▶ [WORK INSTRUCTION]: Each line below from the line with "schetsboek met kleurrijk" to the line with "cookies and oreo" must be copied exactly, including those two, and no picture may appear in the copy.
━━━━━━━━
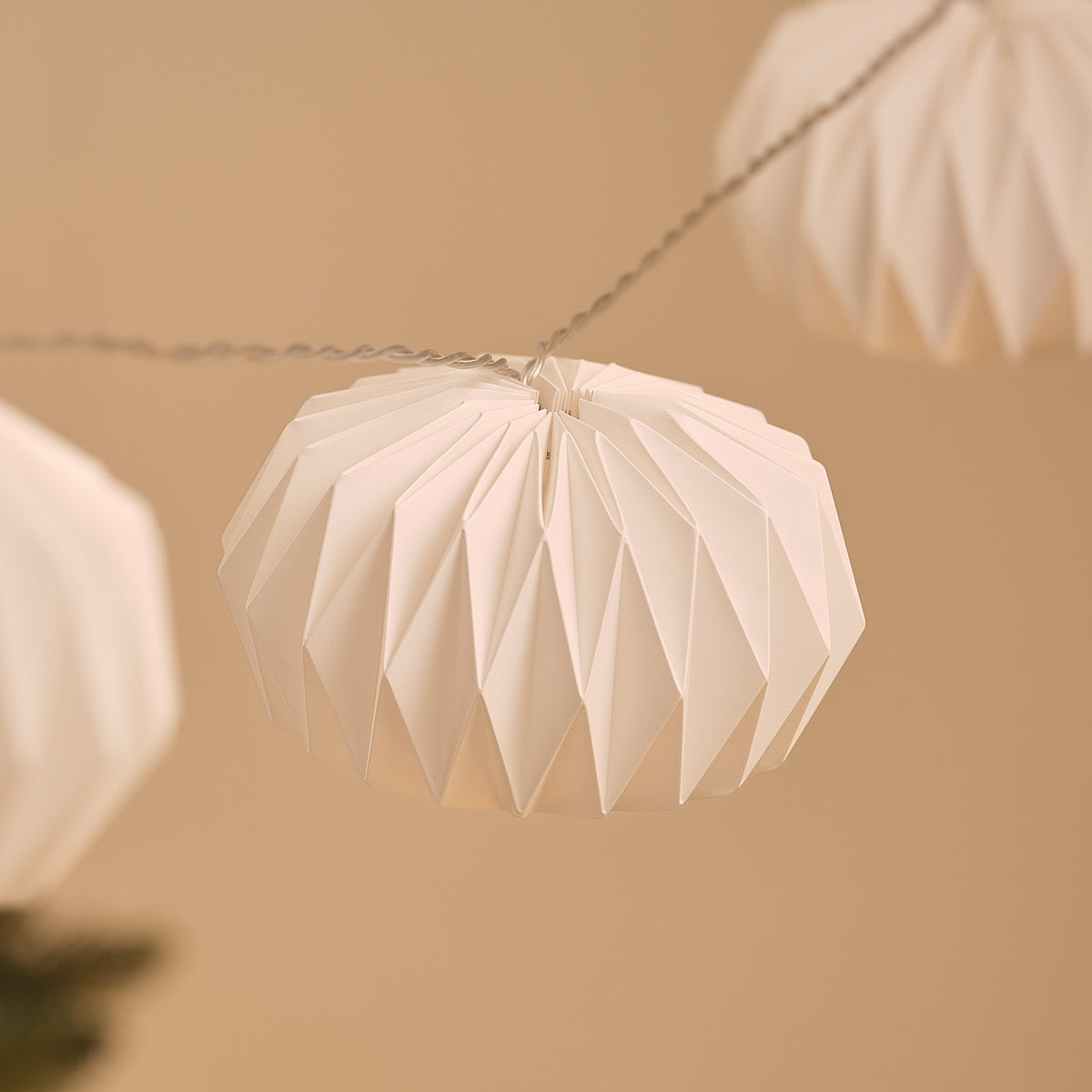 Unbeleuchtete weiße Papierlampions an transparenter LED-Lichterkette vor unscharfem Hintergrund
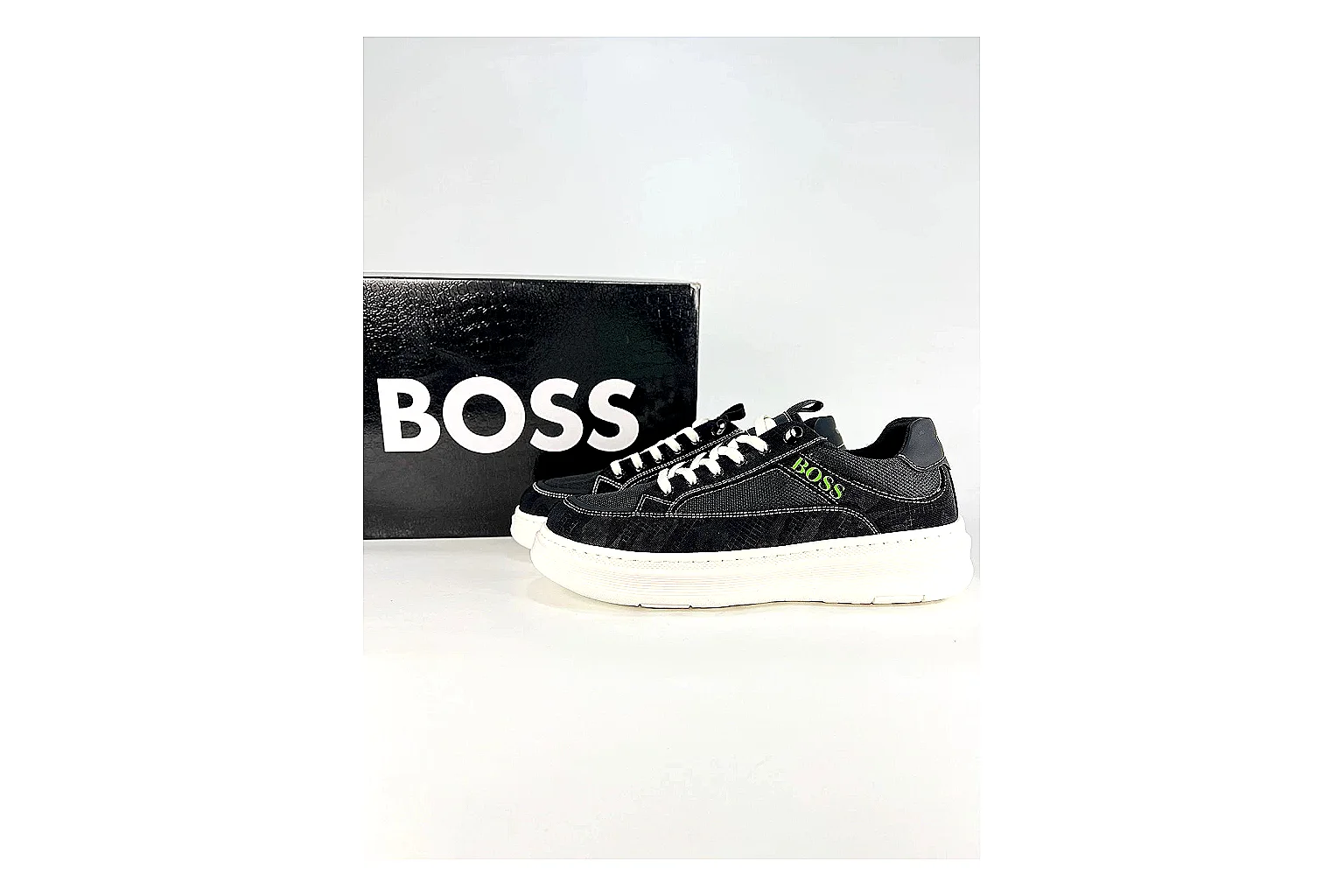 Boss Low Top Black White comparison photo showing black white leather low-top upper, minimal casual profile, clean panels, and simple rubber sole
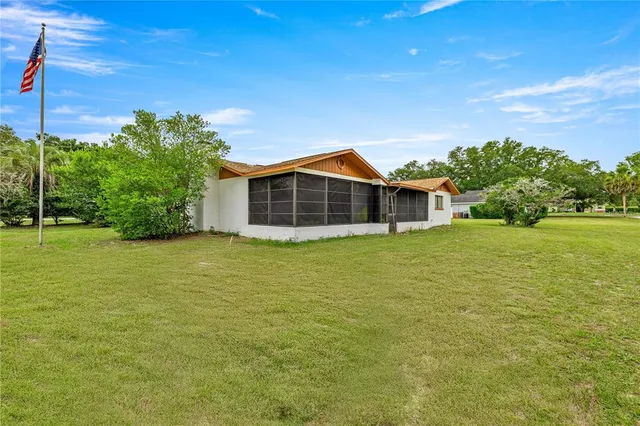 a view of a house with a big yard
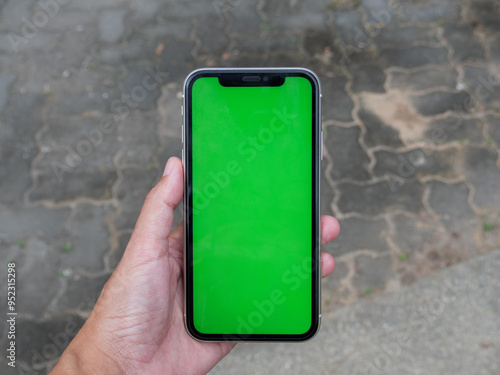 Green screen Smart phone screen, Hand-held smartphone with green screen, ideal for digital mockups, against a blurred background.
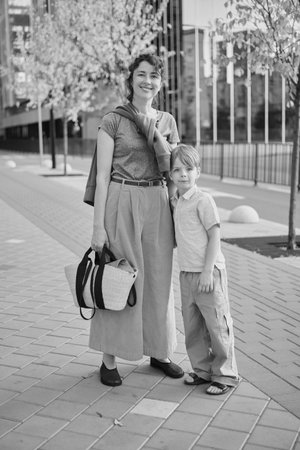 Caucasian young beautiful happy mother and cute small son walking the street and looking at each other. Woman and little boy smiling, talking and having vacations. High quality photoの写真素材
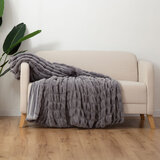 Textured faux fur throw on sofa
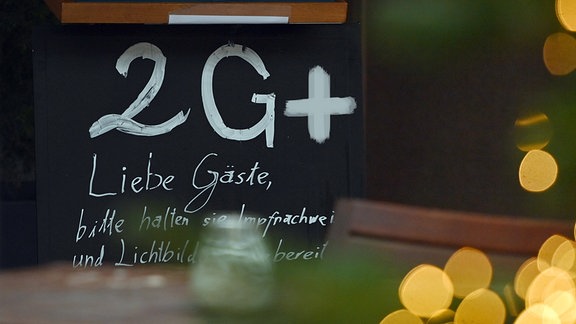 Ein Schild an der Eingangsür weist auf die 2G+ Regel in einem Restaurant hin. 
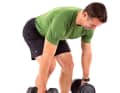 WHEELING

 1. pick up the dumbbells and tilt your upper body forwards. The spine remains straight, the knees are slightly bent and the stance is shoulder-width apart.

  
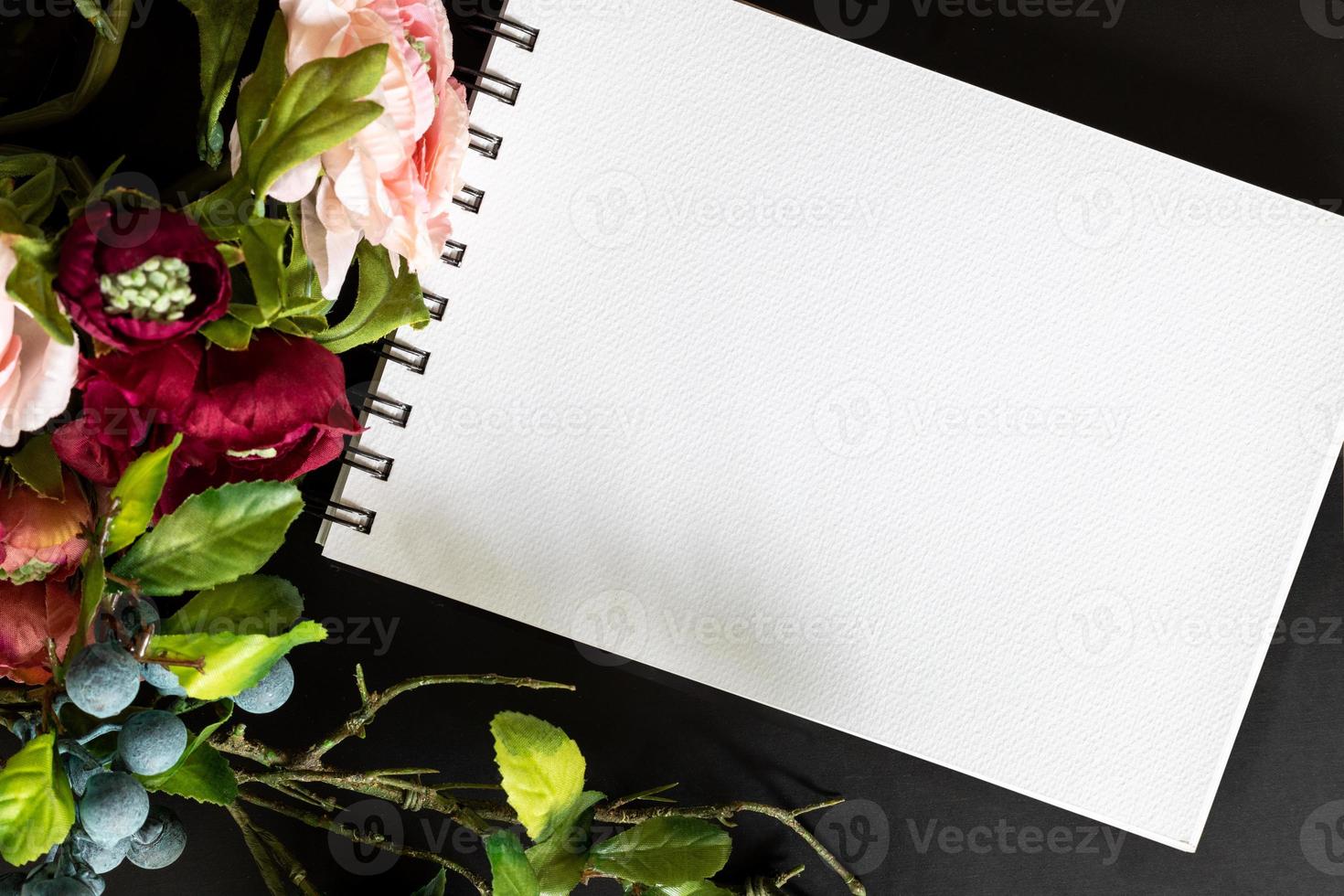 schetsboek met kleurrijk boeket en bosbes Aan zwart bord achtergrond in vlak leggen ontwerp. foto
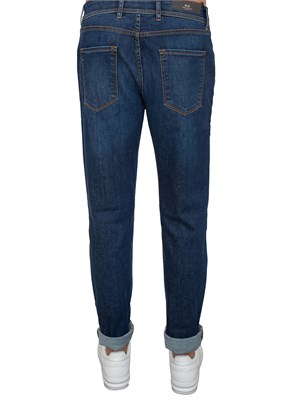 Jeans blu Corneliani uomo con lavaggio scuro ed  effetto used in UOMO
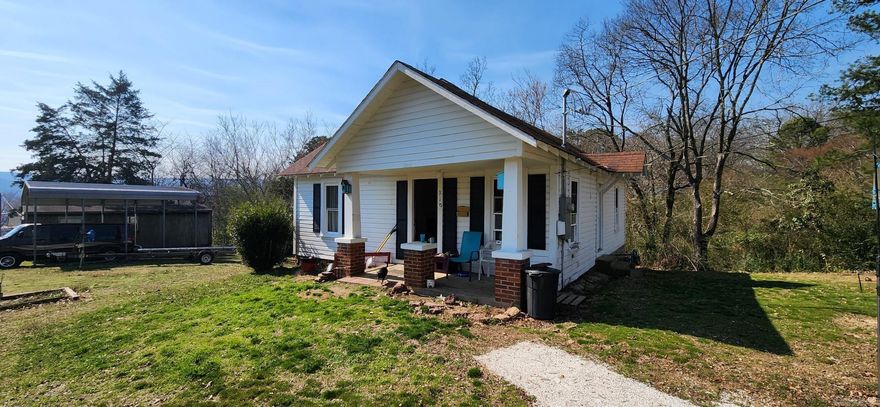Great rental or starter home.  Wonderful location (2 blocks from downtown), new windows and doors, covered front porch and 1930's charm!  See preliminary survey in Associated Document.  The seller intends to keep the minerals.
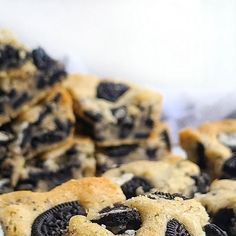 cookies and oreo cookie bars stacked on top of each other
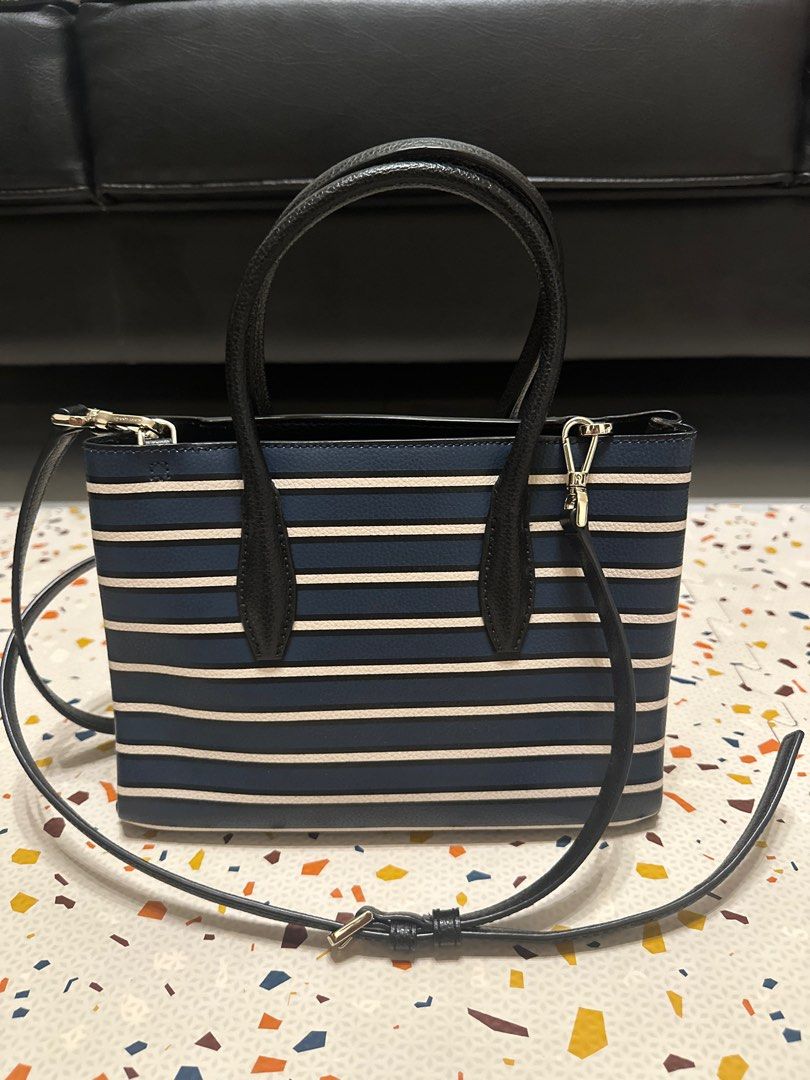 Eva Stripe Small Top Zip Satchel (Category: Luxury Bags & Wallets) located in Manila. Submitted by choychoy06 (Listing ID 1371990800, Image 2). Description: SIZE 7.6”h x 9.6”w x 4.5”d drop length: 22” handle drop: 5” MATERIAL 7.6”h x 9.6”w x 4.5”d drop length: 22” handle drop: 5” satchel with zip closure interior slide pocket foil embossed logo dust bag not included imported Style No. WKRU6123.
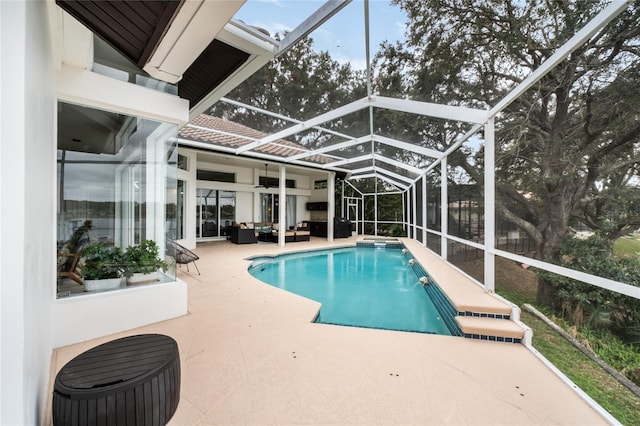 view of swimming pool featuring pool water feature, a patio, and a lanai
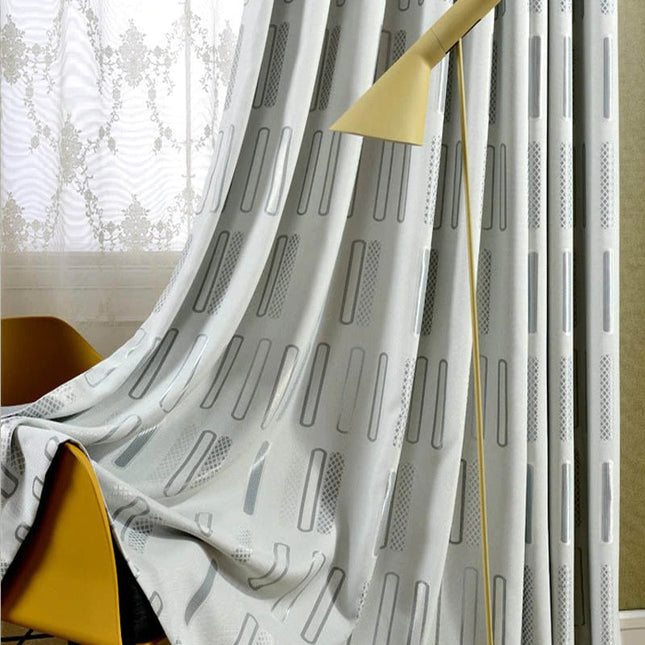 Grå lystett gardin med geometrisk mønster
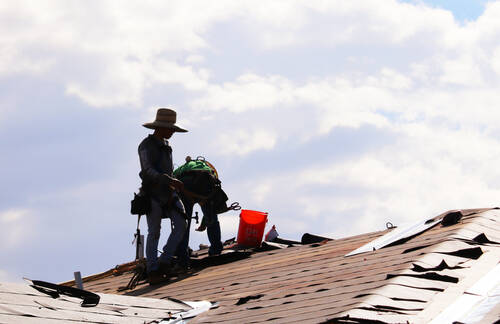 Construction workers labor on rooftops in sweltering heat at the Coronado Condominiums in Summe ...
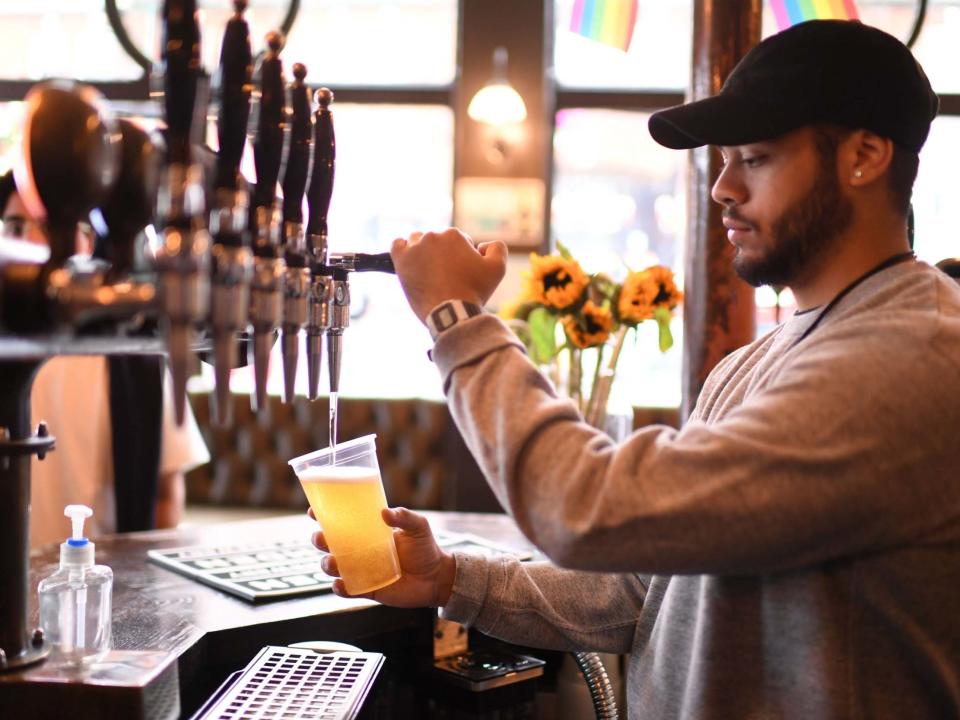 A bartender pours pints for takeaway customers at The Ten Bells pub in east London on June 27, 2020: Daniel Leal-Olivas/AFP via Getty Images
━━━━━━━━
▶ [EXERCISE ANSWER]:
 schetsboek met kleurrijk boeket en bosbes Aan zwart bord achtergrond in vlak leggen ontwerp. foto
 Jeans blu Corneliani uomo con lavaggio scuro ed  effetto used in UOMO
Great rental or starter home.  Wonderful location (2 blocks from downtown), new windows and doors, covered front porch and 1930's charm!  See preliminary survey in Associated Document.  The seller intends to keep the minerals.
 cookies and oreo cookie bars stacked on top of each other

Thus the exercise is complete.